Financial pressure: Fewer people borrowing, more missed debt payments

Demand for loans and credit cards has fallen while those getting behind on their payments for existing debt is on the rise, data from credit agency Centrix shows.

Keith McLaughlin, managing director of Centrix, said the crunch of Omicron and looming inflation had started to have a tangible impact on Kiwi consumers’ confidence.

“Overall demand for consumer credit is down 6 per cent year-on-year, along with average credit scores dropping three points during the past month.”

Home loan demand has been particularly impacted with mortgage applications down 12 per cent and credit card demand down 35 per cent year-on-year.

Demand for personal loan applications was also down, falling 8 per cent, although demand for auto finance continued to be strong.

McLaughlin said his agency had never seen demand for credit cards fall so fast.

“I think it is a combination of factors, certainly it’s buy now, pay later – I think that has had an impact on it. I also think inflation is having an impact because people are being more conservative in their approach to spending.”

He said there had been a decline in demand for credit cards for some time but it had been exacerbated now.

McLaughlin said mortgage applications had not recovered since the changes were brought in to tighten the Credit Contracts and Consumer Finance Act in December.

The Government has since announced some tweaks although those don’t come into force until June.

“Even then some of the anecdotal information I am getting from our credit providers is they have set their systems up and spent a lot of money doing that and they are not just going to throw them out.”

McLaughlin said arrears were also increasing across the board, as Kiwis begin to struggle with making repayments in the face of the rising cost of living.

“It is just a lack of money to go around really. If the grocery bill goes up and the petrol bill goes up there is less money left in the pocket.”

Arrears were up 5 per cent year-on-year in March 2022 driven by increasing late payments in personal loans, buy now, pay later accounts and telecommunication payment plans.

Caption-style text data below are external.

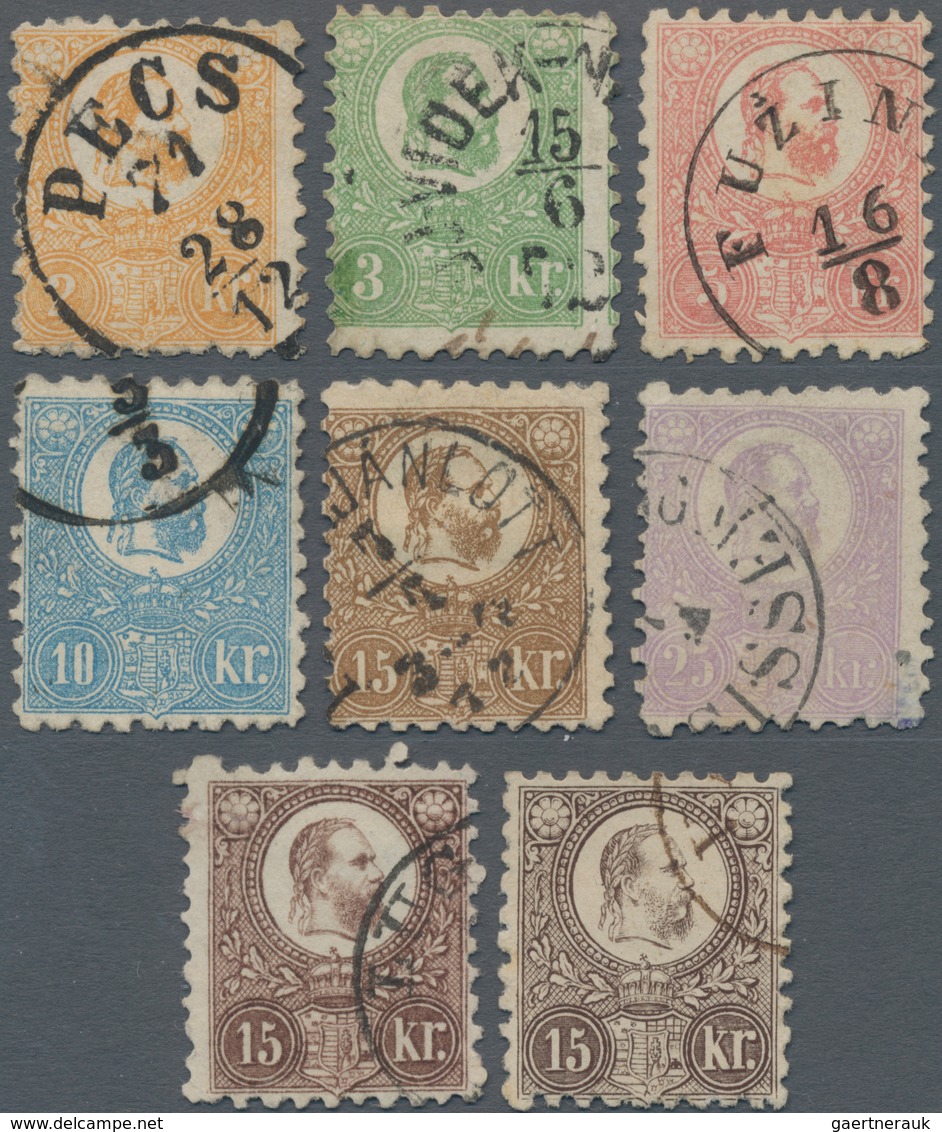 Ungarn: 1871, Complete Set Of Six LITHOGRAPHED Stamps, All Used And Neatly Cancelled, The 2k. Orange - Brieven En Documenten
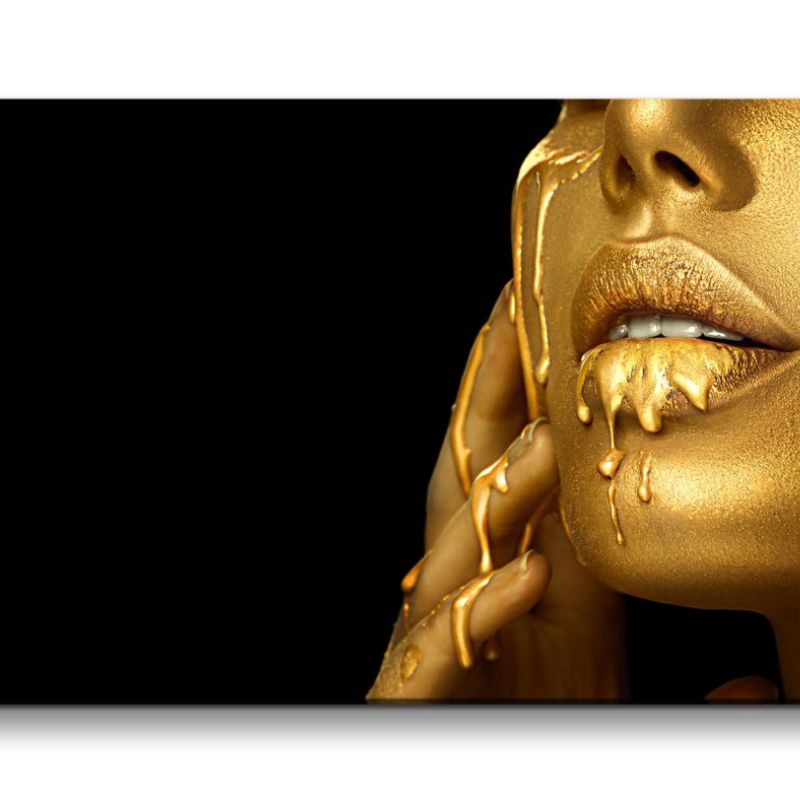 Leinwandbild 120x60cm Goldene Schminke Make-Up volle Lippen Sexy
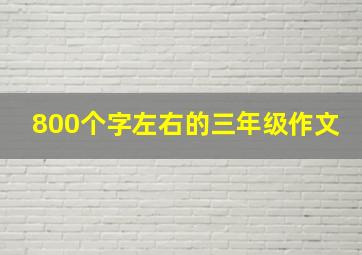 800个字左右的三年级作文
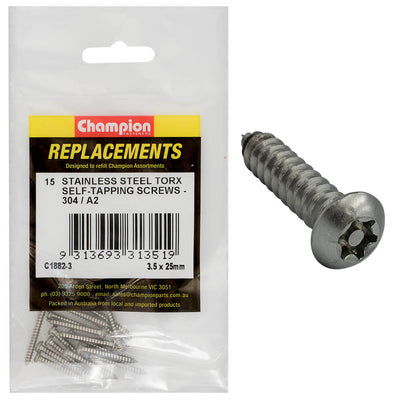 Champion 6G x 1in Self-Tapping Screw Pan Tpx 304/A2 -15pk Default Title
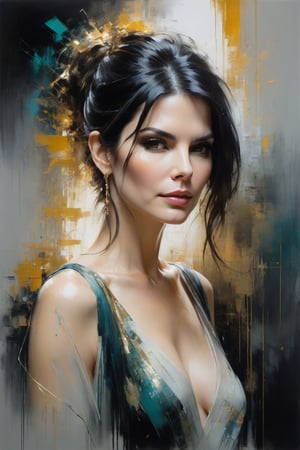 Jeremy Mann's masterful oil painting depicts a breathtaking portrait of Sandra Bullock, dressed in an elegant blouse and flowing transparent saree. The Trendsetter wolf cut black hair cascades down her back like a waterfall. Her 38C bust is perfectly framed by the composition, with volumetric lighting accentuating the gentle curves of her face. Heavy brushstrokes and layered shading create a textured, cell-like image that's reminiscent of Carne Griffiths' work. The golden ratio guides the viewer's eye to her symmetric eyes, which seem to hold a fairy tone of determination. Rich, deep colors bring this award-winning masterpiece to life, with perfect composition and sharp focus adding depth and dimensionality.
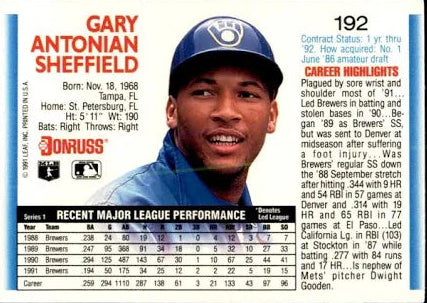 1992 Donruss Gary Antonian Sheffield Baseball Card #192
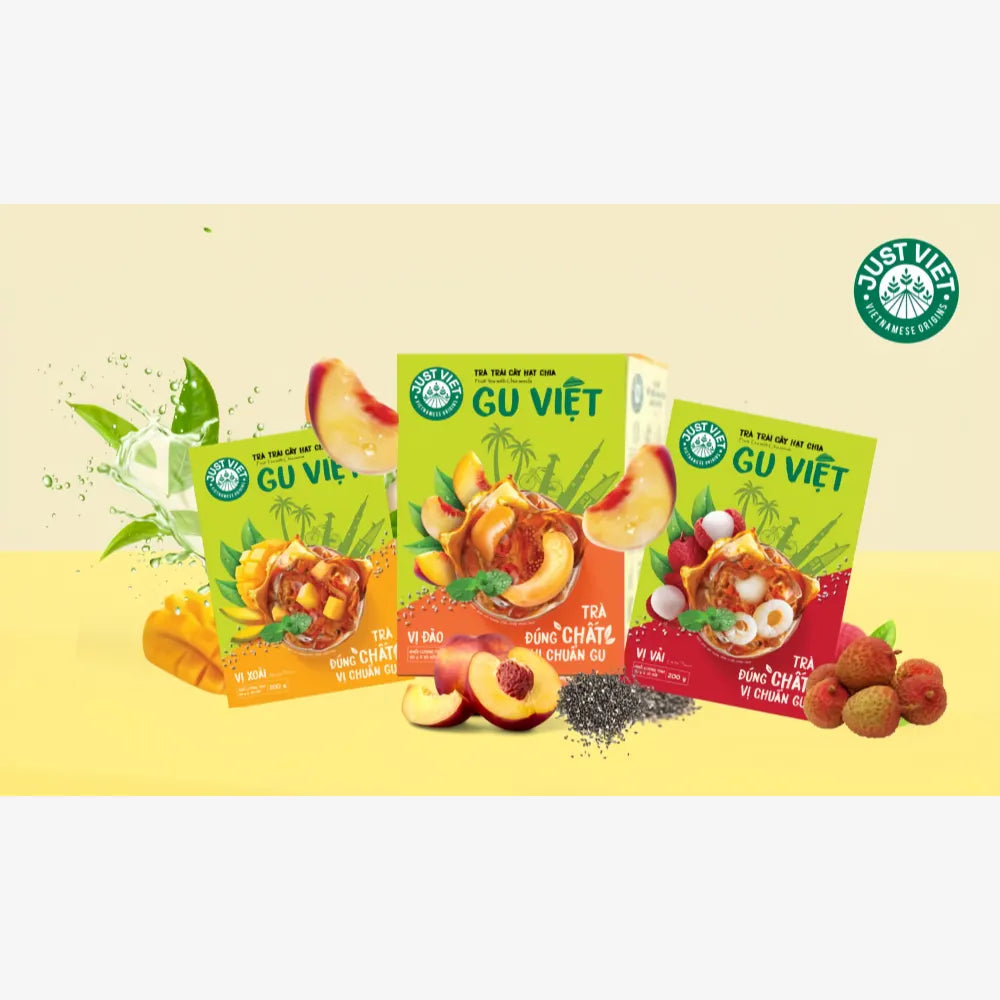 GU VIET Fruit Tea with Chia Seeds Litchi Flavor 20g*10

He said historically the level of arrears had been higher but there had been a decline in arrears and defaults in the last three or four years.

“We are now starting to see a reversal of that. You wouldn’t want it to be a prolonged decline.”

McLaughlin said if inflation was a short-term issue then the problem could self-correct but if it dragged on and incomes did not keep up with outgoings then the problem would be exacerbated.

Arrears on personal loans had risen to 9 per cent – the highest level since May 2020 – while arrears on buy now, pay later accounts had risen sharply to the highest level since March 2020.

“Personal loans and credit cards are not secured and people will always pay their mortgages before they will pay their one-off loan.”

But interest rates on personal loans and credit cards were higher than they were on mortgages so the impact of missed payments could be quite severe.

The value of new mortgage lending was down 30 per cent in March compared to the prior year although it remained above the March 2020 new lending amount.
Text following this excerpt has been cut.